**TASK STATEMENT:**
The material below includes pictures; leave them out and return only the lines between the line containing "aerial view with" and the line containing "a bedroom with", inclusive, word for word.

Segment Open

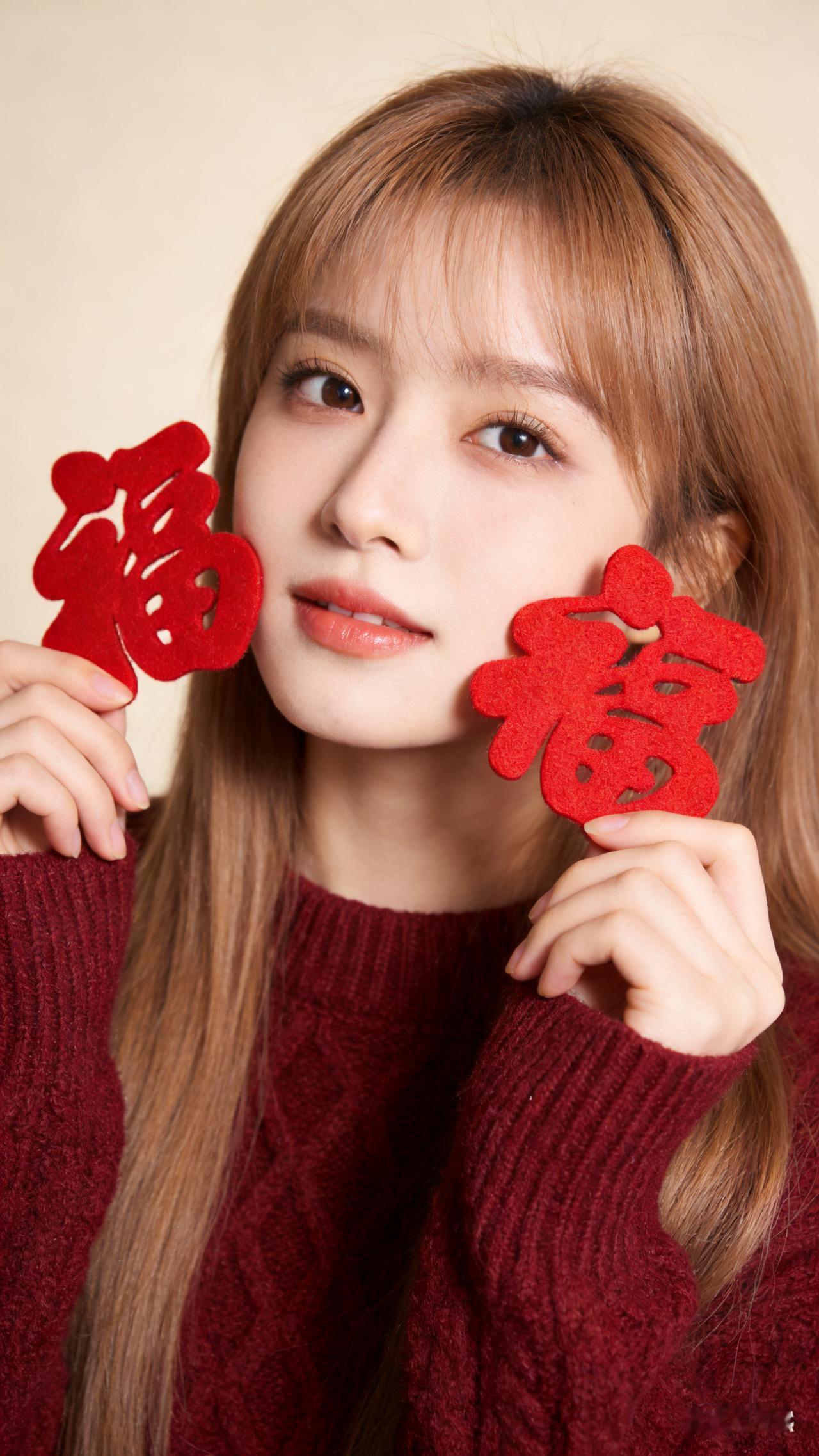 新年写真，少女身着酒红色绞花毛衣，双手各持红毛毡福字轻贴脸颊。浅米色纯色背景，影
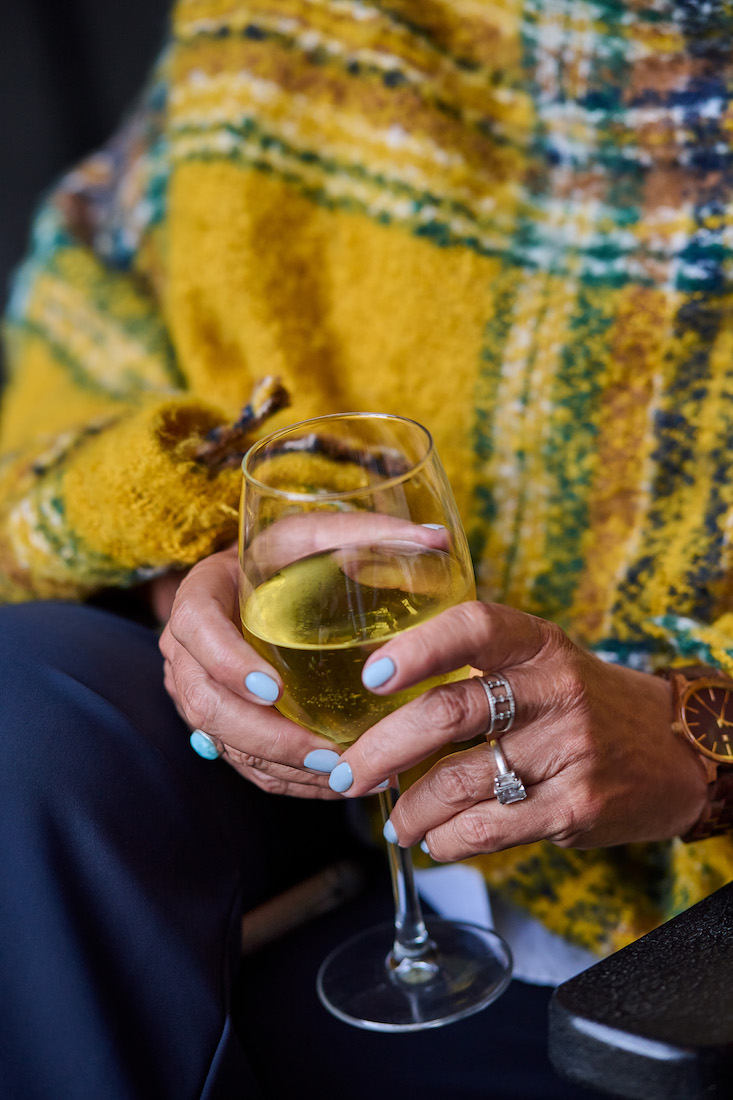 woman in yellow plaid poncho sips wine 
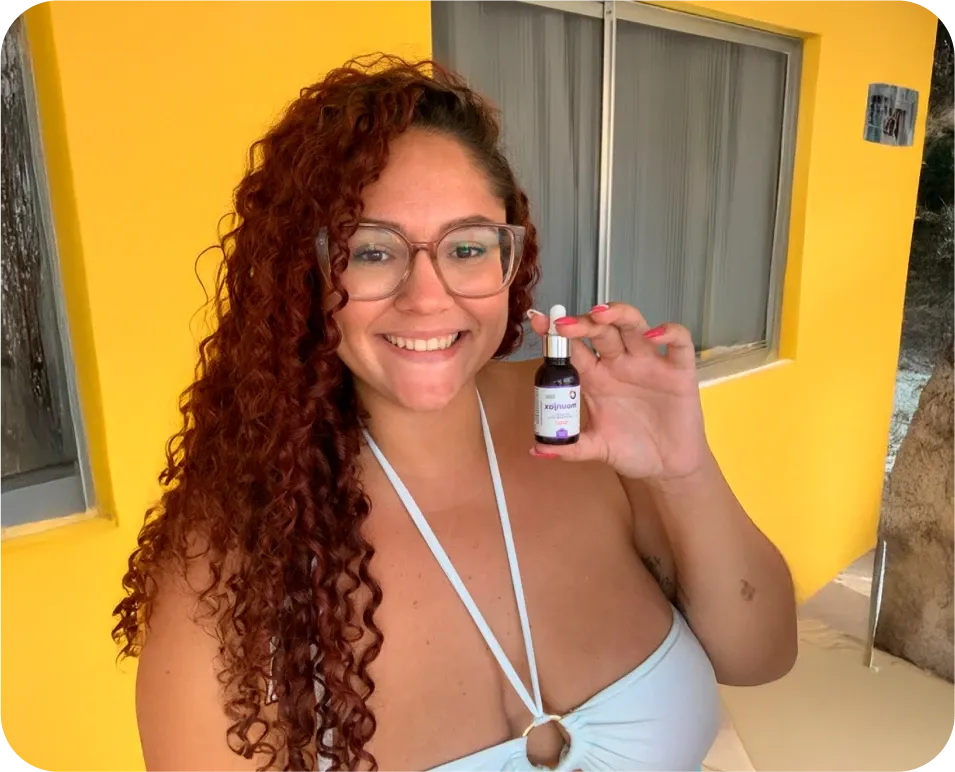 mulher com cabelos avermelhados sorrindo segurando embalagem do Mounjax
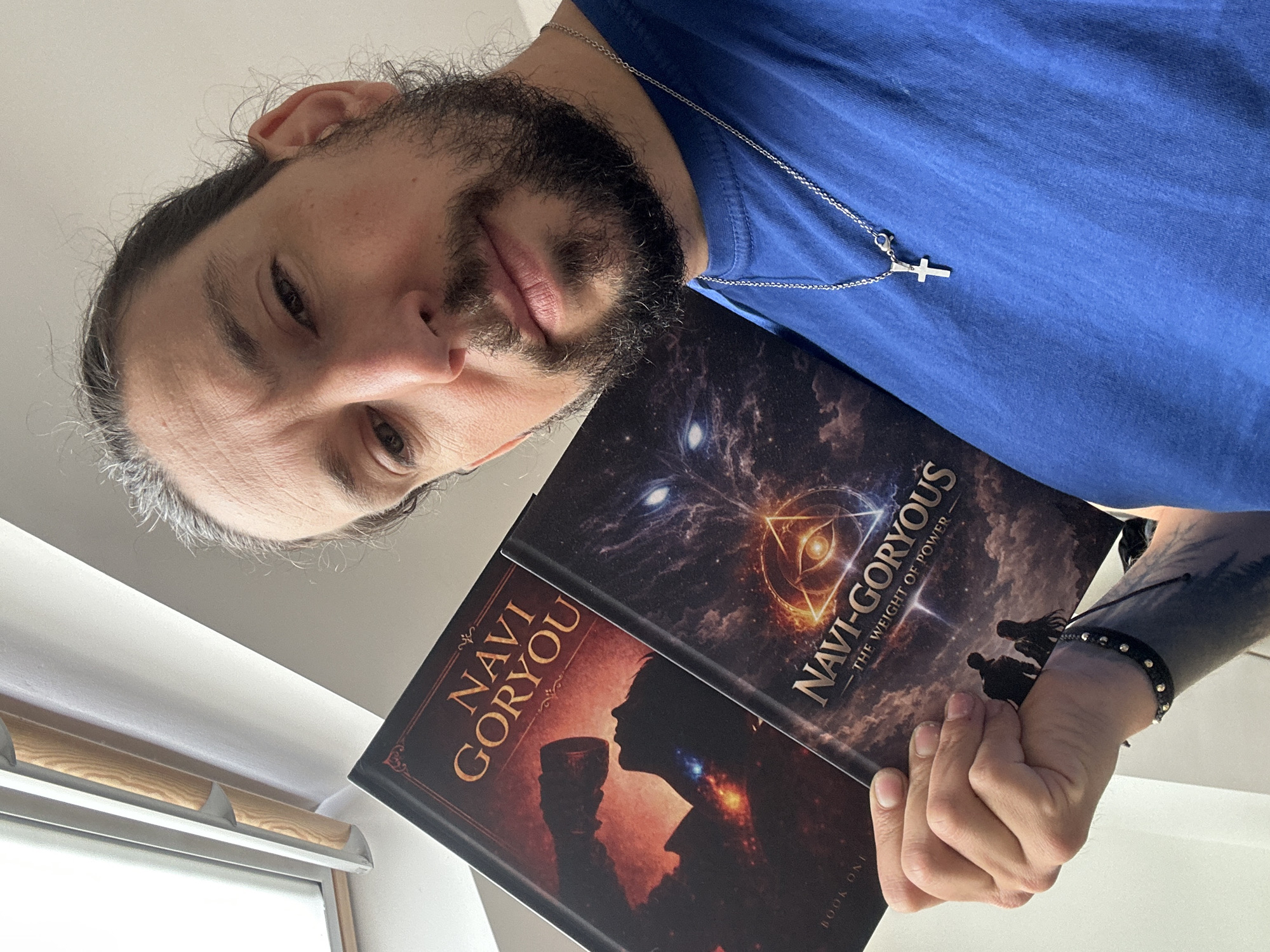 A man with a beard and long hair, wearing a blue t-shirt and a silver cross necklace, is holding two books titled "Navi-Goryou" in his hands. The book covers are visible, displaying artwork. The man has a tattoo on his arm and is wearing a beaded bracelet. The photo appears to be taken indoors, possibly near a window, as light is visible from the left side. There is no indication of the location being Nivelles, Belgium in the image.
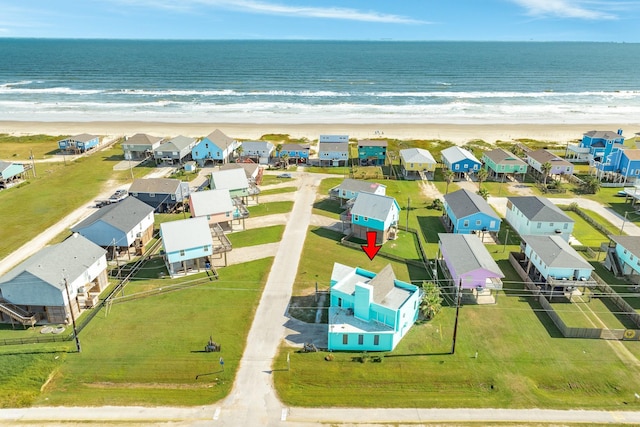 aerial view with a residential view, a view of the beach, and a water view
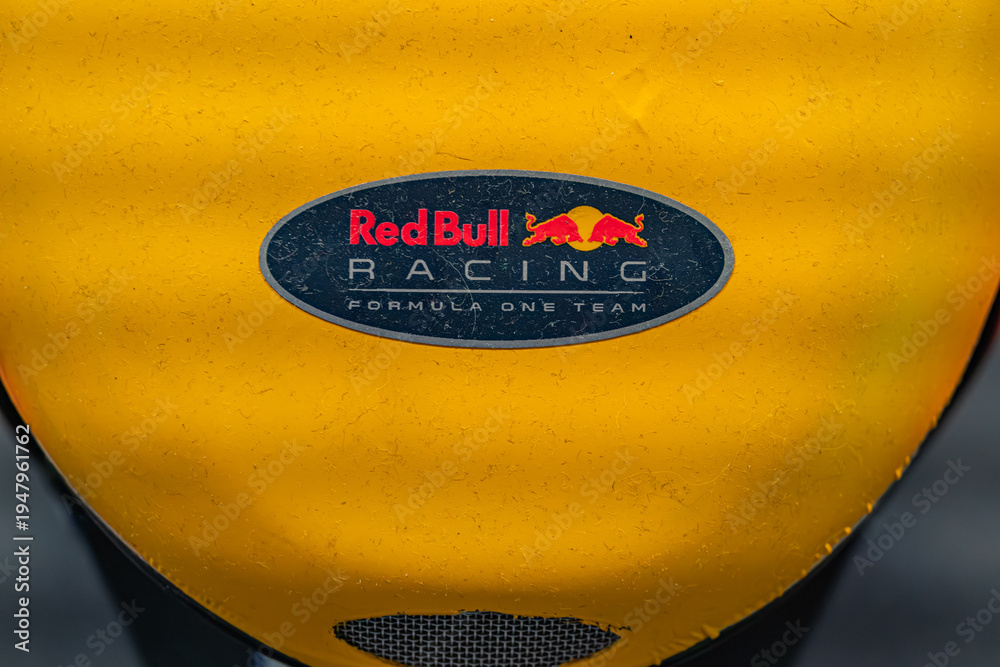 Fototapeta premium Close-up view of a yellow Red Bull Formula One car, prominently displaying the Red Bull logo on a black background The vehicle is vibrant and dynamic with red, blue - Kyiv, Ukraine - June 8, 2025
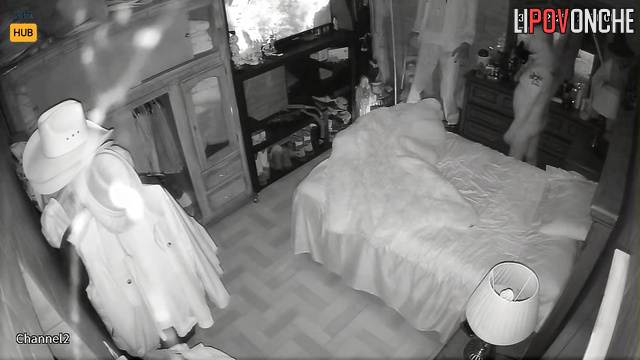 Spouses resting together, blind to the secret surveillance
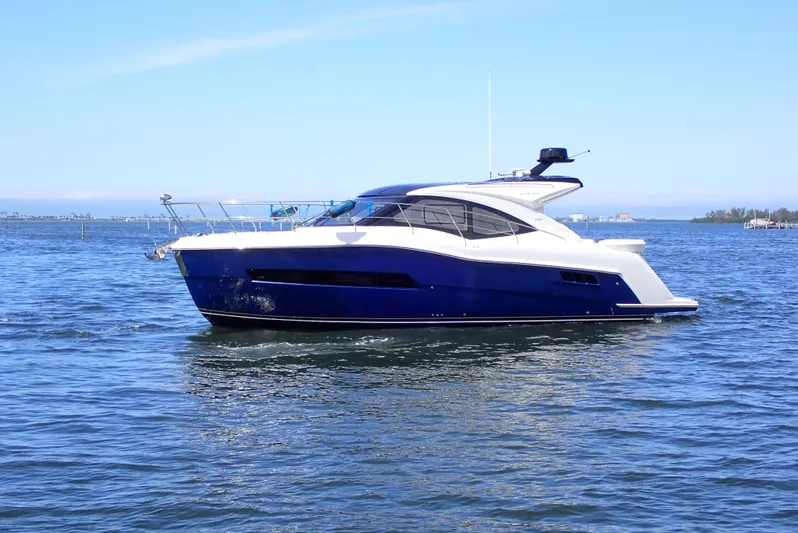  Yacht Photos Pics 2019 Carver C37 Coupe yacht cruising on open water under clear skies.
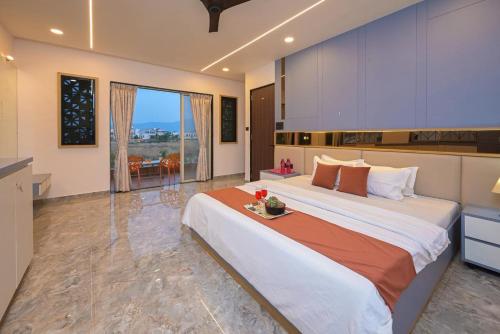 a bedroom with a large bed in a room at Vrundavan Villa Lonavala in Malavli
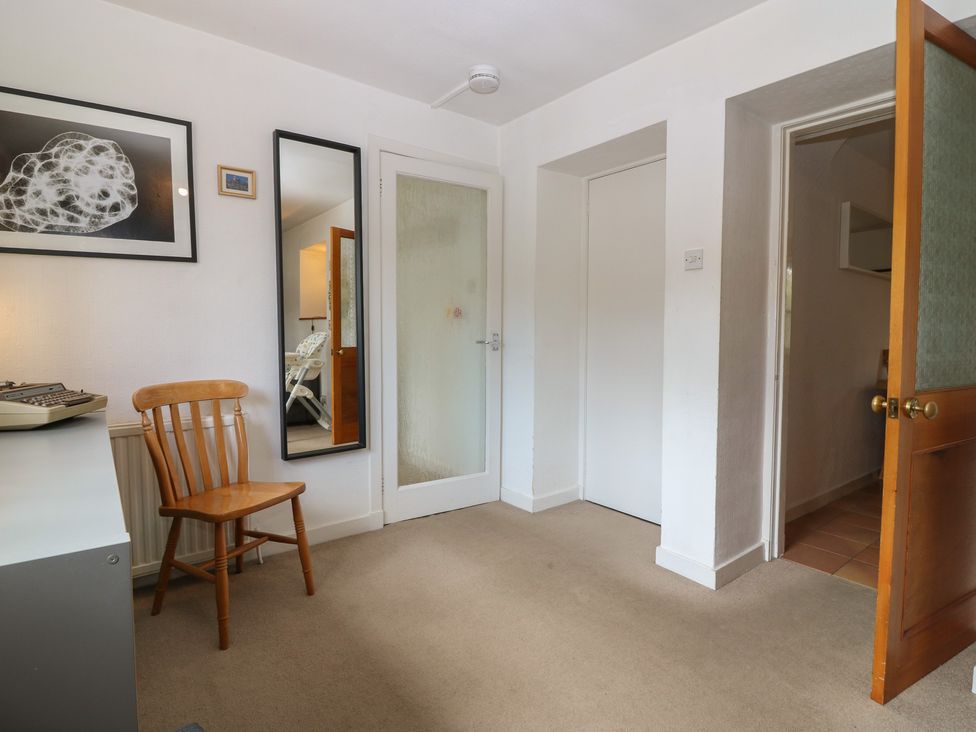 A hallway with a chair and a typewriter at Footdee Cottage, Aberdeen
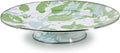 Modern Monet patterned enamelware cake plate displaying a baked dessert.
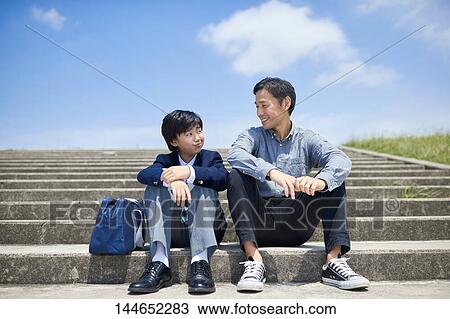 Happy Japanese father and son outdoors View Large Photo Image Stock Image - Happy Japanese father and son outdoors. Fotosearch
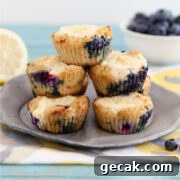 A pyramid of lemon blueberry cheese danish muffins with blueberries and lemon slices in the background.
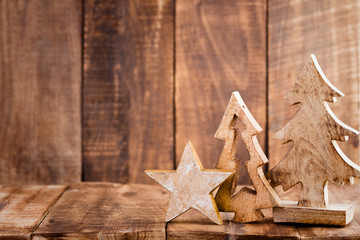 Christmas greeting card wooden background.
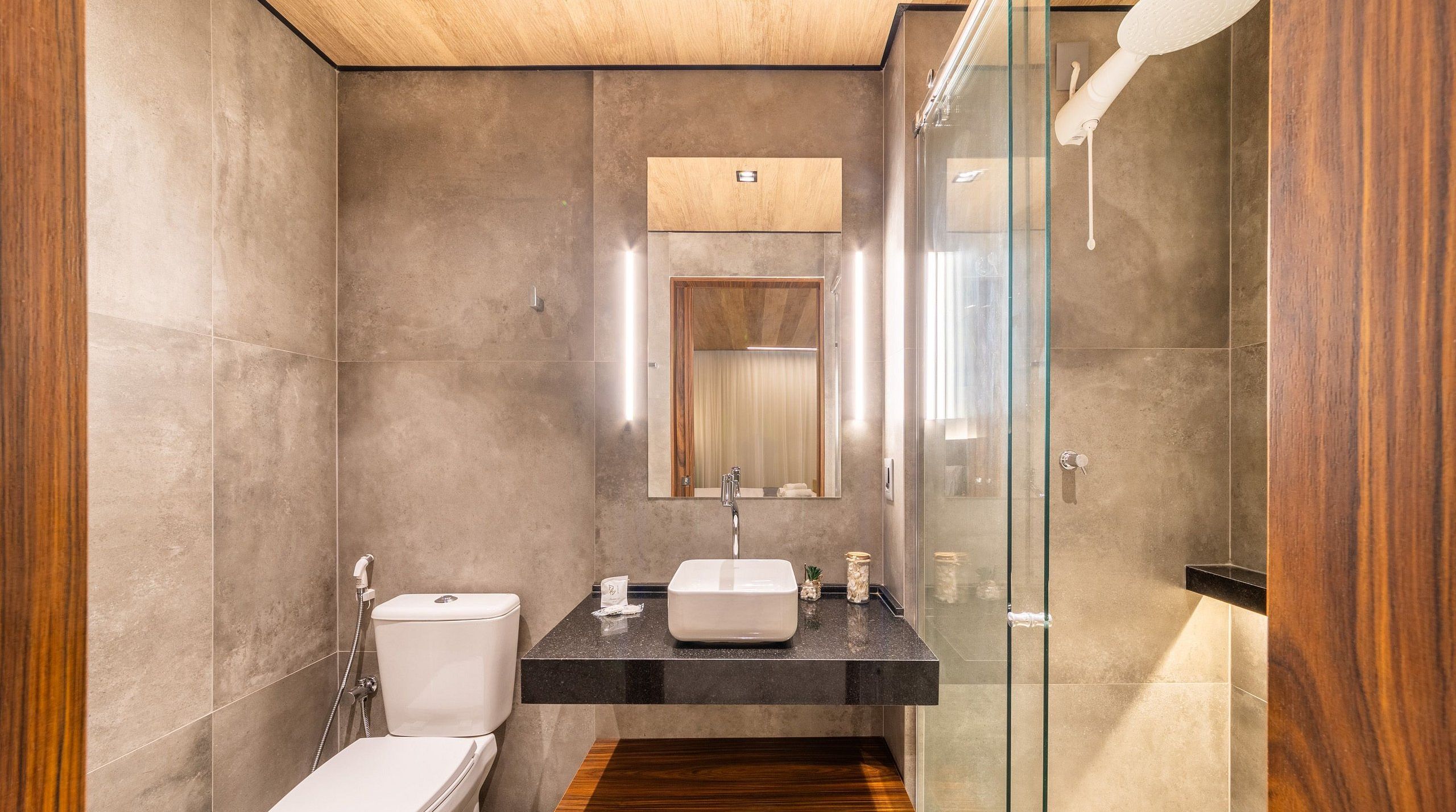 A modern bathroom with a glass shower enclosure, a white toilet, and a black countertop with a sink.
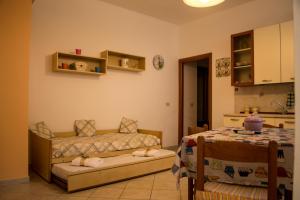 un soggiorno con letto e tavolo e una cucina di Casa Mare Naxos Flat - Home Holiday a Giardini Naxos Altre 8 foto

Segment Closed

**EXERCISE RESULT:**
 aerial view with a residential view, a view of the beach, and a water view
 Fototapeta premium Close-up view of a yellow Red Bull Formula One car, prominently displaying the Red Bull logo on a black background The vehicle is vibrant and dynamic with red, blue - Kyiv, Ukraine - June 8, 2025
 Spouses resting together, blind to the secret surveillance
  Yacht Photos Pics 2019 Carver C37 Coupe yacht cruising on open water under clear skies.
 a bedroom with a large bed in a room at Vrundavan Villa Lonavala in Malavli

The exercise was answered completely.